Without the royalty income, there is no denying that AEO’s underlying performance has deteriorated. Overall comparable sales growth dipped to a modest 2%, while American Eagle’s comparable sales fell by 1% – ending a long run of respectable increases. Aerie held up better, posting a 16% uplift in comparables – its 19th consecutive quarter of double-digit sales uplifts.
American Eagle’s soft numbers were not aided by some unfavorable weather and relatively soft demand for apparel over the start of the quarter. Like other retailers, it saw less interest from consumers, which translated into weak numbers – especially off the back of a relatively strong performance of a 7% comparable uplift last year.
However, we also believe that, outside of denim, collections in American Eagle were a little bland and ‘samey’ this season; in a market where demand was already soft, that did little to stimulate consumers into spending money. This was exacerbated by weak traffic in some of the locations where American Eagle trades. All of this resulted in more markdown activity to clear inventory, something that impacted on margins.
Fortunately, we believe that sales strengthened as the quarter progressed and this bodes well for third-quarter performance. So to does the continued focus on denim where American Eagle has added more shapes and styles. We believe this area will be a winner over the important third and fourth quarters, including in menswear collections where American Eagle is attempting to replicate the success it has seen in women’s denim.
Aerie’s comparable sales remain robust, although as the division is now lapping prior year growth of 27%, it is understandable that growth is beginning to flatten out. Even so, an uplift of 16% underlines that Aerie is still taking market share across all the categories in which it trades. This includes from Victoria’s Secret, thanks to Aerie’s inclusive marketing and proposition which continue to resonate and pull in new customers. Over recent quarters, we have noticed the brand being much more active on social media which we see as helpful in widening Aerie’s potential audience.
Some of the increase at Aerie is also down to much greater traction in categories outside of lingerie, like leggings and yoga pants. Here, Aerie has had little difficulty in getting its core customers to buy products, which are both well designed and reasonably priced. We believe that this is a winning strategy going into the holiday quarter and that Aerie will trade well with collections where the emphasis is on cozy and comfortable.

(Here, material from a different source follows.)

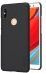 Nillkin Frosted Shield do Xiaomi Redmi S2 Czarny 1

Overall, we remain encouraged by the progress at AEO. The company operates in a difficult and fickle part of the market and is subject to the vagaries of fashion demand as well as to softening mall traffic. However, it generally navigates these challenges well and at both Aerie and AEO it has carved out a distinct proposition that connects with consumers. Over the next couple of quarters, prior year numbers become less challenging which should help boost results.